Description of the task: Please give every line below again exactly, but not its pictures.

Source data:
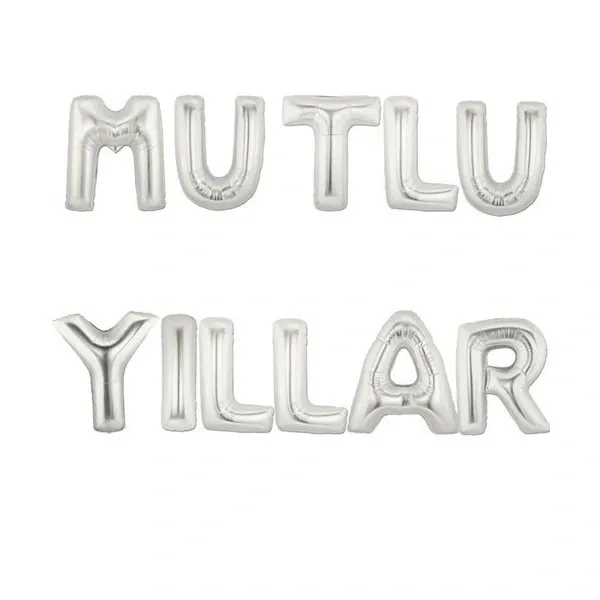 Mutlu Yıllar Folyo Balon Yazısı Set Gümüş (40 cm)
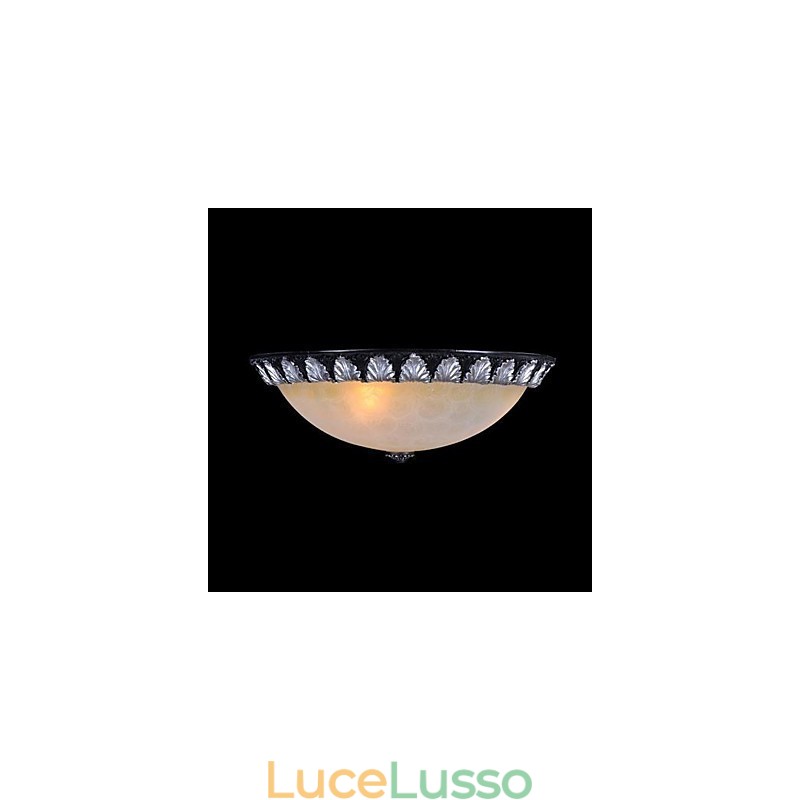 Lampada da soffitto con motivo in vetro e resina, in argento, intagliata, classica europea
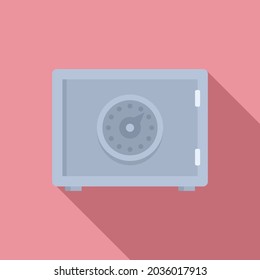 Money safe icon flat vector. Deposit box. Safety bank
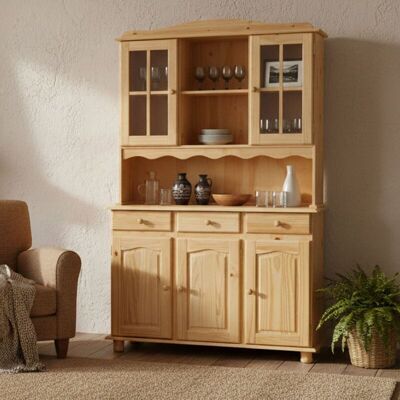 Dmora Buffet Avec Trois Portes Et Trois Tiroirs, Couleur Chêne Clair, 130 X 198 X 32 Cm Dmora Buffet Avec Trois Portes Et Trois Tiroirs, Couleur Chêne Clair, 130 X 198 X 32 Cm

Solution for this task:
 Mutlu Yıllar Folyo Balon Yazısı Set Gümüş (40 cm)
 Lampada da soffitto con motivo in vetro e resina, in argento, intagliata, classica europea
 Money safe icon flat vector. Deposit box. Safety bank
 Dmora Buffet Avec Trois Portes Et Trois Tiroirs, Couleur Chêne Clair, 130 X 198 X 32 Cm Dmora Buffet Avec Trois Portes Et Trois Tiroirs, Couleur Chêne Clair, 130 X 198 X 32 Cm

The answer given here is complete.